Pensare alla Trinità, a un Dio che è Uno ma è relazione di tre, obbliga a fare un’esperienza di Dio particolare. Esperienza, appunto, perché pensare una cosa vuol dire astrarla dalla realtà e portarla su un piano concettuale, sperimentarla, invece, significa “entrarvi dentro” con il pensiero ma anche con il sentimento e con il corpo, con la volontà e con il desiderio di progettare il futuro alla luce di questa esperienza. Dio Trinità è cioè un avvenimento, un fatto, un linguaggio complesso per sentire Dio.
Questo modo di essere di Dio invita la Chiesa ad assumere uno stile che ci fa percepire che qualcosa sta cambiando: lo vediamo nel modo di fare di papa Francesco, ma prima ancora di tanti sacerdoti e vescovi che vivono con la gente. Attenzione: qualcuno confonde le cose e si aspetta che subito cambi “la dottrina”, ma questa sarebbe un’illusione, perché ancora una volta si cadrebbe sul piano astratto: non esiste infatti una dottrina - neppure una più buona di altre - che non sia vissuta dalla gente e non possiamo pensare di cambiarla per forza: se essa cambierà sarà conseguenza di un precedente e più importante cambiamento.

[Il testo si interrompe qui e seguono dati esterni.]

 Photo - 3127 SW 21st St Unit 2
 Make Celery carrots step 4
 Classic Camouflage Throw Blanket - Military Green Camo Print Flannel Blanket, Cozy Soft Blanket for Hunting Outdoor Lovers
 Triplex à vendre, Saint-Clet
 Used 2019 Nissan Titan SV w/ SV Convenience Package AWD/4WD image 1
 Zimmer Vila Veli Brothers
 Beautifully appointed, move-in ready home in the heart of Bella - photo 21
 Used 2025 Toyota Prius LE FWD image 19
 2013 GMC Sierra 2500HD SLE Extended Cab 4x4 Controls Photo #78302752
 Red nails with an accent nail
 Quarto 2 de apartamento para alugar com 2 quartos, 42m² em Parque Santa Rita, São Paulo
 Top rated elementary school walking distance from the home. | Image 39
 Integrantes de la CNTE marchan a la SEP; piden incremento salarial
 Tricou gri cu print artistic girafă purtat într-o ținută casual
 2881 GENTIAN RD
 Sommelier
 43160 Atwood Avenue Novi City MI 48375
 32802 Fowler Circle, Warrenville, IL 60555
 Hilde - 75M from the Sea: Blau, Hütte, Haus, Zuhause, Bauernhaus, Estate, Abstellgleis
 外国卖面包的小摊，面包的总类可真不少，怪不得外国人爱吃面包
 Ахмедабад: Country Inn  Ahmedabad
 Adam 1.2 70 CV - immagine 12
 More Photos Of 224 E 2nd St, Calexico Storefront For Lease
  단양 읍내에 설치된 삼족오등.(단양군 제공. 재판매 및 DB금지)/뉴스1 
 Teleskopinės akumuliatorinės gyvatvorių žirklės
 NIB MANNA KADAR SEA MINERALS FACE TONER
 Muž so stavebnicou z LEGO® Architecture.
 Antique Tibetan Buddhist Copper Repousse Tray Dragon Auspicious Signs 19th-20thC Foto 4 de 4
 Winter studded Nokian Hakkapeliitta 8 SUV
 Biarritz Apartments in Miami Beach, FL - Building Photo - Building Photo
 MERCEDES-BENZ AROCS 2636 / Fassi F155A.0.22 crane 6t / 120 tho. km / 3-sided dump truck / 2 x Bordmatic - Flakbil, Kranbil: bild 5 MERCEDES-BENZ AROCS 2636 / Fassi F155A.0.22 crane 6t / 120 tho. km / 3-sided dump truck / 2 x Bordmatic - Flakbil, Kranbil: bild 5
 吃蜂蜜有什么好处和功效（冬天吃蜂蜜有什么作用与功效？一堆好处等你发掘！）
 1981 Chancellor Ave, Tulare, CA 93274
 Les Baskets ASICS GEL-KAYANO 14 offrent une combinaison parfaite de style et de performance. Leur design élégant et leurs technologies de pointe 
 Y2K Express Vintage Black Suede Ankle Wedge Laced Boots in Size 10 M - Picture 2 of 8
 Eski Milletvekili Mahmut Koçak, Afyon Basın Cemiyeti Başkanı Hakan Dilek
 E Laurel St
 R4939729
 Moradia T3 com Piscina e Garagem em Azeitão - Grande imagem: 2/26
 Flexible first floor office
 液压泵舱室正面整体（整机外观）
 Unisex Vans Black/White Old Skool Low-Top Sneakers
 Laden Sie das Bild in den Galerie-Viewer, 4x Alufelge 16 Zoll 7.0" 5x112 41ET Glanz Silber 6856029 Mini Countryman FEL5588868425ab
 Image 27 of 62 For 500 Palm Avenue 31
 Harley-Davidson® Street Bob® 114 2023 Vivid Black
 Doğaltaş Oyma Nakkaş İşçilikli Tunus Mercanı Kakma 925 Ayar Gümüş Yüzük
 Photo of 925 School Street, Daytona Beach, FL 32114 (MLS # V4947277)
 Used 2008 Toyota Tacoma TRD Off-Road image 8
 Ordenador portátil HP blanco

Per questo è interessante riflettere sul linguaggio familiare con cui il Papa dà forma ai suo discorsi, in particolare all’ultima Esortazione Amoris Laetitia. Per parlare della famiglia e alle famiglie, il problema non è quello di cambiare la dottrina, ma di trasmettere i princìpi generali. Il linguaggio della concretezza quotidiana incarna la verità nella vita di ogni persona e di ogni famiglia. L’obiettività della verità non viene minacciata dal fatto che essa si incarni nella vita di una persona o di una famiglia particolare e concreta; al contrario, lasciando il regno dell’astratto, la verità si fa carne e cammina con noi, dando vita alle persone e alle famiglie reali.